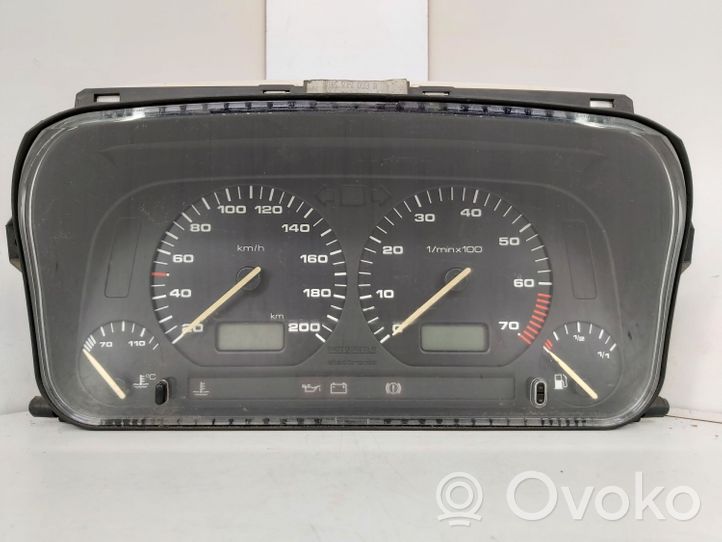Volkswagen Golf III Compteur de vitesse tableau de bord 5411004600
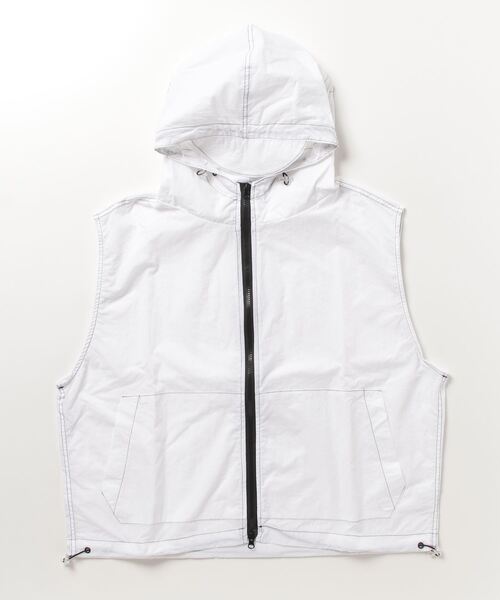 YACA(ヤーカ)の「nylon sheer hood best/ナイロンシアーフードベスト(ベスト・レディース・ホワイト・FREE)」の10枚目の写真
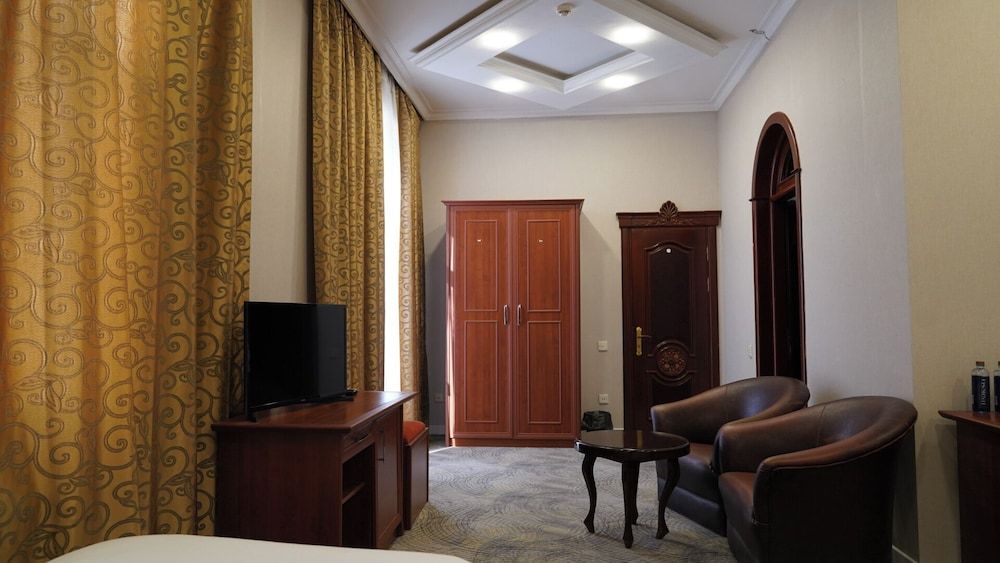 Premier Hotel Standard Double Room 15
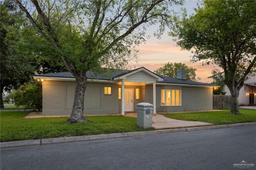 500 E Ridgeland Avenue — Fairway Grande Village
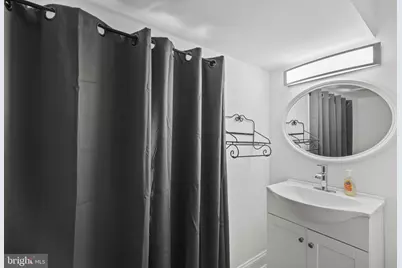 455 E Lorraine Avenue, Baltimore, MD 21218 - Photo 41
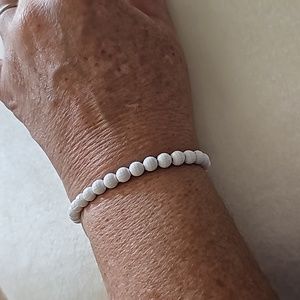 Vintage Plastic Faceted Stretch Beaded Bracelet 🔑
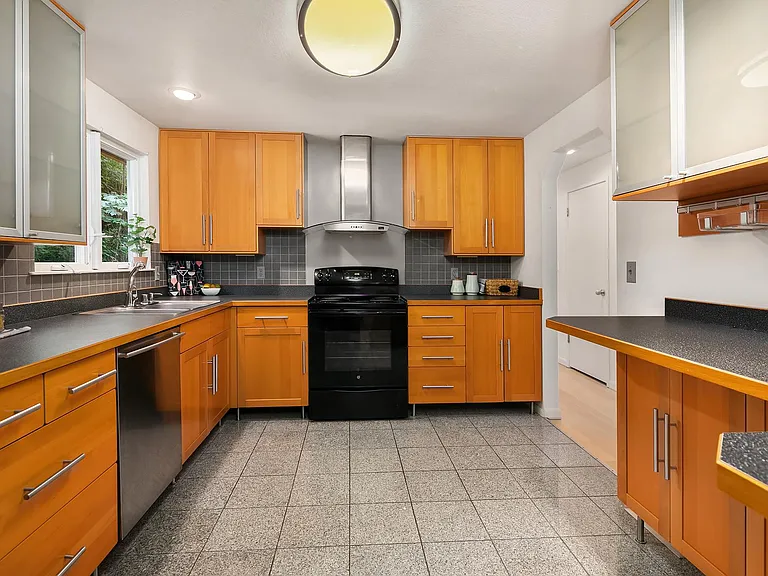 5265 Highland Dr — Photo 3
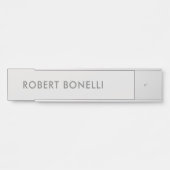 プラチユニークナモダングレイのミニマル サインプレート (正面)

* * *

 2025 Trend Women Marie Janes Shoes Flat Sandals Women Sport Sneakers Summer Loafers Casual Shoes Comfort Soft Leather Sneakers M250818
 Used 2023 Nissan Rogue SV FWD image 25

### What needs to be done
Find where the line with "Volkswagen Golf III" sits in the material above and where the line with "プラチユニークナモダングレイのミニマル サインプレート (正面)" sits. Set down exactly the lines from the first to the second, both included and nothing else, without pictures.

### Task answer
Volkswagen Golf III Compteur de vitesse tableau de bord 5411004600
 YACA(ヤーカ)の「nylon sheer hood best/ナイロンシアーフードベスト(ベスト・レディース・ホワイト・FREE)」の10枚目の写真
 Premier Hotel Standard Double Room 15
 500 E Ridgeland Avenue — Fairway Grande Village
 455 E Lorraine Avenue, Baltimore, MD 21218 - Photo 41
 Vintage Plastic Faceted Stretch Beaded Bracelet 🔑
 5265 Highland Dr — Photo 3
 プラチユニークナモダングレイのミニマル サインプレート (正面)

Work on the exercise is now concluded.